Я был почти уверен, что профессор придет в отчаяние. Однако он, вполне спокойный и сосредоточенный, с минуту поразмыслил и ровным голосом сказал:
– До нас здесь были люди; пойдем по их следам и попадем в просторный центральный коридор, откуда выбраться гораздо легче – или я жестоко ошибаюсь.

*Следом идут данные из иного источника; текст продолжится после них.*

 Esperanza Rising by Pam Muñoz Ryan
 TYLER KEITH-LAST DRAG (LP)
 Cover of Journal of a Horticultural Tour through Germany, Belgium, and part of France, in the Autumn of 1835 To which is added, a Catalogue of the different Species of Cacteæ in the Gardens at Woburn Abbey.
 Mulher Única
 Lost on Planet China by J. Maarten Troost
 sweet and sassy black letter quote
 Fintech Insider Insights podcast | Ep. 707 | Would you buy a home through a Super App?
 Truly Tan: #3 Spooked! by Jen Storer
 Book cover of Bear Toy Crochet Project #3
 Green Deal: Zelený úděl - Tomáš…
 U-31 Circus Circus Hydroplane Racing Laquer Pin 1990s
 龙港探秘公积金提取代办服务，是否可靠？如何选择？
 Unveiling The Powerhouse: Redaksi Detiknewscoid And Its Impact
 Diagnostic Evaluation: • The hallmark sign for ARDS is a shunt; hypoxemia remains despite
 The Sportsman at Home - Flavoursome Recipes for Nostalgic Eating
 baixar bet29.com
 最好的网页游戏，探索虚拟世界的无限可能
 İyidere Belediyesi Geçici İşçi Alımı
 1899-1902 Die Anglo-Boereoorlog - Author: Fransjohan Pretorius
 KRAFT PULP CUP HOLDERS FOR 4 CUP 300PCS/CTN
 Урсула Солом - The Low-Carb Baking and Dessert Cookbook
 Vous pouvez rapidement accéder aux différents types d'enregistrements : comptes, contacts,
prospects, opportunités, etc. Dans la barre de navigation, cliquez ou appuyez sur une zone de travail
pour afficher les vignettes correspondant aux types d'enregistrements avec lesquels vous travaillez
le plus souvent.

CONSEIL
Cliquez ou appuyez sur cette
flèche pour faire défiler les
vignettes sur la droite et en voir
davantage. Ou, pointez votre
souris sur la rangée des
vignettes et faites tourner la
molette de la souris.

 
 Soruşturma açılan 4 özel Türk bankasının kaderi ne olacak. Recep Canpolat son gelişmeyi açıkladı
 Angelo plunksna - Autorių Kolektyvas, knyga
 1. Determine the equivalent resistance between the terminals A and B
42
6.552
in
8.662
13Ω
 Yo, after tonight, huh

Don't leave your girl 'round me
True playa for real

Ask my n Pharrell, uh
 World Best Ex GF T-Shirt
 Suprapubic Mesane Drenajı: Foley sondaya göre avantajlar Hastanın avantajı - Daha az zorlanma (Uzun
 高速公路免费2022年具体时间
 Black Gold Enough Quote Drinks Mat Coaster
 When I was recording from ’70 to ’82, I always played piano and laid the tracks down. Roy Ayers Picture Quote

Мы тронулись в путь и шли довольно энергично, как вдруг профессор, споткнувшись, упал, да так неловко, что сломал ногу и почти погасил факел. Положение было отчаянное. Профессор, едва живой от усталости и боли, лежал на песке. Я сидел рядом без каких-либо надежд на спасение, ибо твердо решил, что не брошу беднягу одного в подземелье.
Внезапно Найлз заговорил:
– Пол, если вы наотрез отказываетесь спасаться без меня, давайте попробуем еще одно средство. Мне вспомнилось, как группа исследователей заблудилась в пирамиде и сумела выбраться вот каким способом. Они развели костер. Свойства дыма таковы, что он проникает дальше, чем свет или звук. Вот и в случае с теми путешественниками смышленый проводник обо всем догадался и поспешил на выручку, ведомый запахом. Разведите костер, Пол, и будемте с вами уповать на сообразительность Джарнала.
– Костер без дров? – начал было я, но профессор молча указал на стену за моей спиной. Там была полка, которую я не заметил в темноте, а на полке – небольшой саркофаг. Я все понял. Я знал, что саркофаги, которых в пирамидах сотни, часто используются в качестве топлива. Я потянулся за ним, думая, что он пуст, однако саркофаг, упав, открылся, и из него выкатилась мумия. Хоть я уже и привык к подобным вещам, все же я вздрогнул, ибо мои нервы были расстроены грозящей опасностью. Тем не менее я отодвинул миниатюрный бурый кокон, разломал саркофаг, поджег щепки факелом, и скоро легкое облако дыма, разделившись натрое, вползло в три коридора, что вели из похожей на келью маленькой залы, в которой находились мы с профессором.
Пока я разводил костер, Найлз, позабыв про боль и отчаяние нашего положения, подтянул к себе мумию и взялся ее исследовать с энтузиазмом человека, одержимого страстью, которая сильна даже в смертельной опасности.
– Идите сюда, Пол, помогите мне. Я всегда мечтал первым увидеть сокрытое под слоями этих зловещих древних бинтов. Смотрите, это женщина. Пожалуй, мы с вами найдем нечто редкое и ценное, – произнес профессор, приступая к разматыванию верхнего слоя ткани, от которой шел странный тяжелый запах.